Americans for Tax Reform expressed qualified support for the permanent tax extender agreement reached Tuesday on Capitol Hill.
The agreement dramatically lowers the tax revenue baseline, makes permanent all of the “must pass” tax extenders that often drive bad policy, and secures full expensing of business purchases for small employers.
But the deal also phases down 50 percent “bonus depreciation” over the next five years, fails to immediately kill the wind production tax credit, and increases spending in the form of permanently expanded refundable credits.
The biggest win of this bill is that it will make conservative tax reform easier by permanently lowering the current-law revenue baseline. This means that conservative reformers can design a pro-growth tax system less destructive of liberty and which steals less money from the American people.
Highlights of the bill include:
Permanent tax relief. The bill permanently reduces taxes. This is expected to reduce the current law tax revenue baseline. That’s real money in the hands of businesses and families. A lower revenue baseline means pro-growth tax reform is easier to write.
Dozens of Tax Extenders Made Permanent. This bill makes many tax extenders permanent. These tend to be the ones that are the most politically popular and which drive tax extender packages.
Common sense, middle class tax extenders made permanent. These include the state and local tax deduction, IRA contributions to charities, and transit benefit parity.
Small business tax extenders made permanent. These include a new $500,000 limit on expensing of business equipment, 15 year depreciation life for restaurants and leasehold improvements, fairness for Subchapter-S corporations, and a 100 percent capital gains exclusion for small business start-ups.

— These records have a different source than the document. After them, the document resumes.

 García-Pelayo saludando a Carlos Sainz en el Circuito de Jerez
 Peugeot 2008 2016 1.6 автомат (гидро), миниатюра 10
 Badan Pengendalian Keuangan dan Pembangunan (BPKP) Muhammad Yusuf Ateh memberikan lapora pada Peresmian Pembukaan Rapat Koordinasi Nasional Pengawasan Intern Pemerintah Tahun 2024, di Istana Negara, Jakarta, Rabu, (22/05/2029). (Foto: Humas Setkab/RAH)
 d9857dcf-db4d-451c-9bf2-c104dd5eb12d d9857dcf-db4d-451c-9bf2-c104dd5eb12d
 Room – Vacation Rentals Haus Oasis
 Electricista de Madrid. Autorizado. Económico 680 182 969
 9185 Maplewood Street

Permanent Research and Experimentation credit. The oldest and most politically charged extender is for research and experimentation expenses. This is made permanent, along with an exception for active financing of overseas lending. These two extenders, along with a look-through provision for controlled foreign corporations (extended five years) alone drove most of the politics of extenders. The extenders package of the future will be handled in a far more serene manner.
Reining in the IRS. This extenders package provides a number of restrictions on IRS abuse. The most notable is a prohibition on any IRS attempt to impose gift tax on contributions to 501(c)(4) non-profits like Americans for Tax Reform.

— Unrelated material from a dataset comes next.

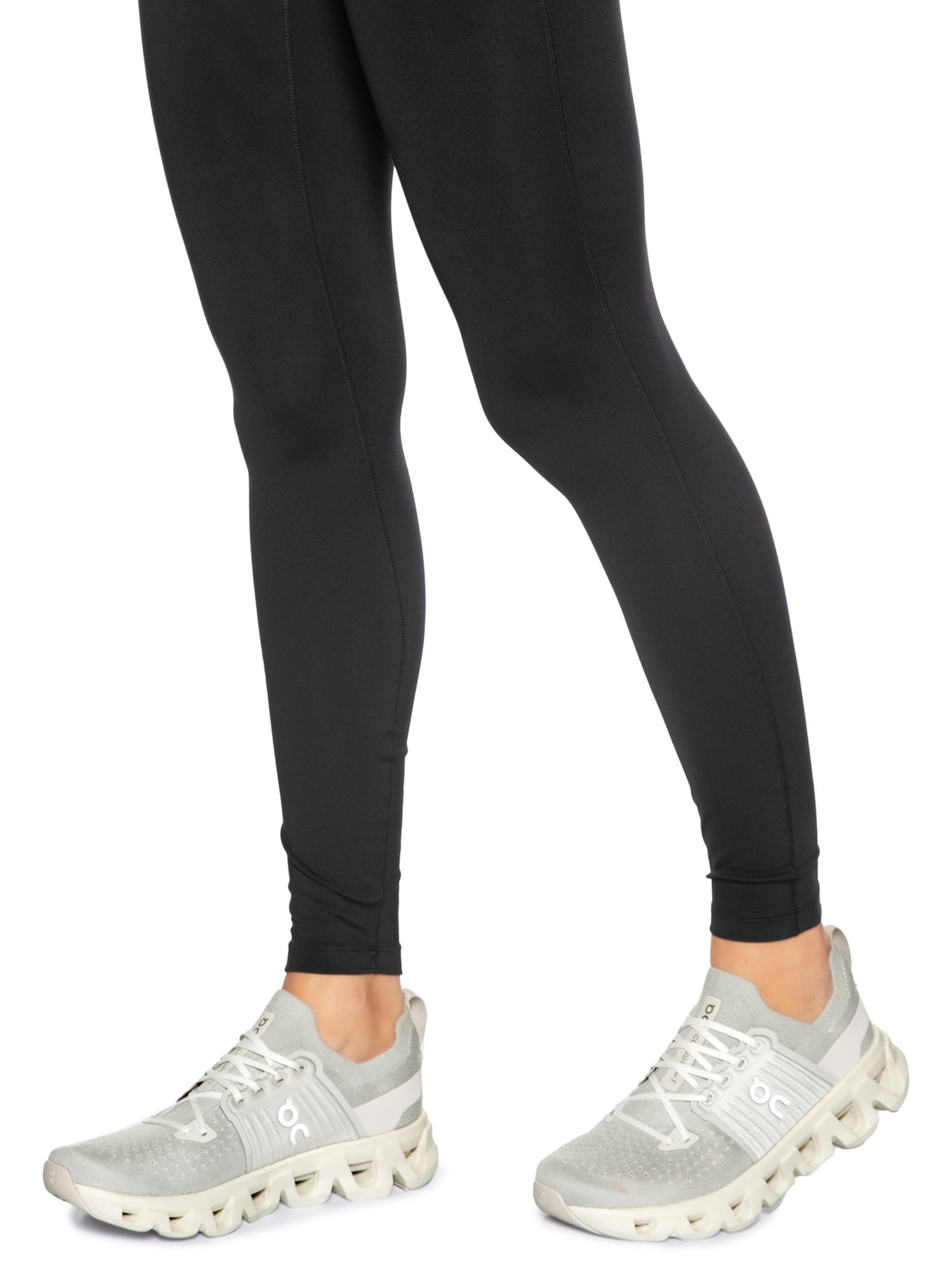 Tênis Feminino Cloudswift 4 Cinza On Running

There’s also a streamlined process for startup non-profits to get tax status quickly. This is important for conservatives in light of the Lois Lerner affair.

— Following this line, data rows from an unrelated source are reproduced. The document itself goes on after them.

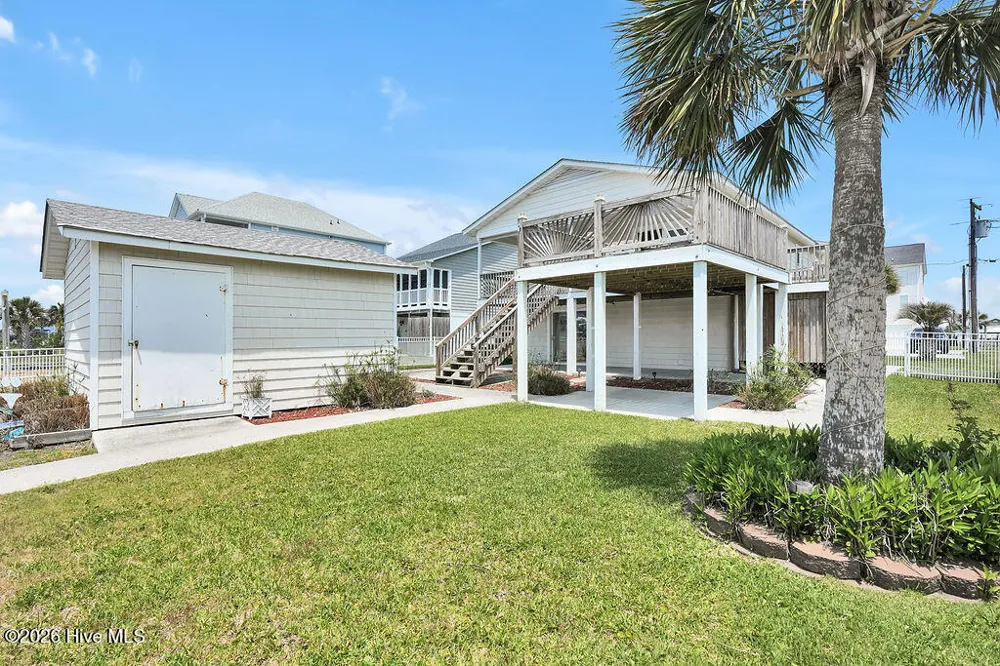 4069 4th Street Surf City, NC 28445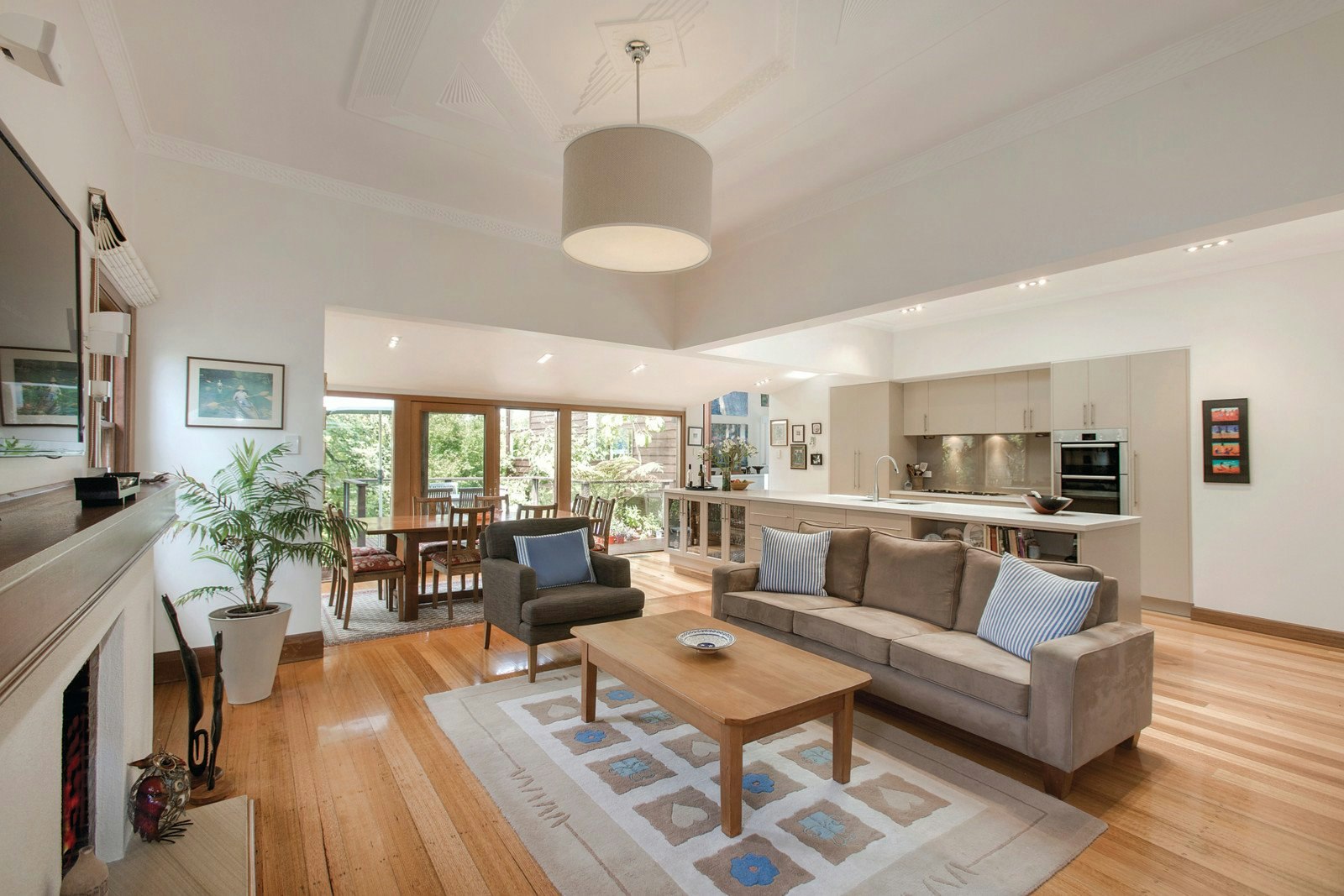 4 Marden Street, Canterbury, VIC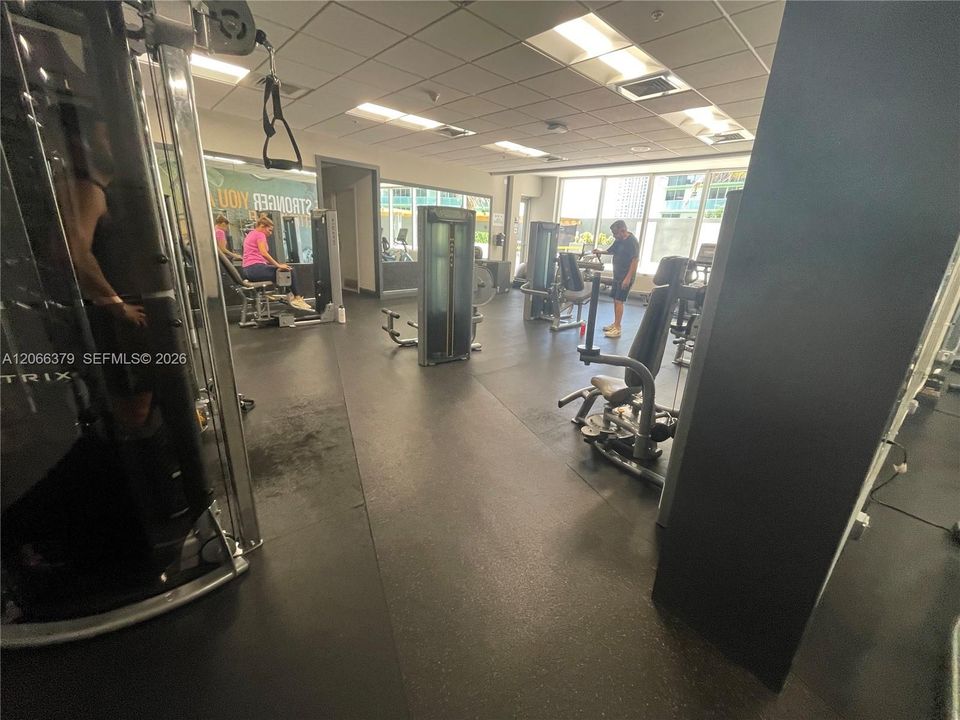For Sale: $342,000 (1 beds, 1 baths, 821 Square Feet)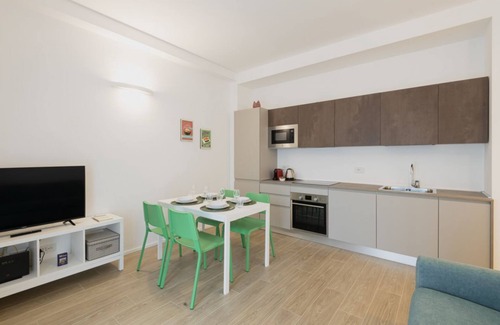 Gioia Apartment | Easylife - Bright retreat 10min from Centrale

Helping prevent identity theft on tax returns. The bill provides a number of process changes that should help prevent a repeat of the 2015 tax season, when a record number of taxpayers found that fraudulent returns had already been filed on their behalf by identity thieves.
It also beefs up anti-fraud provisions related to refundable tax credits, even as the bill makes those refundable tax credits permanent.
Expansion of tax free savings. The bill expands 529 college savings plans to permit money to be used to buy computers and similar equipment, while making 529s easier to manage. It also expands ABLE accounts, which are 529s for persons with disabilities.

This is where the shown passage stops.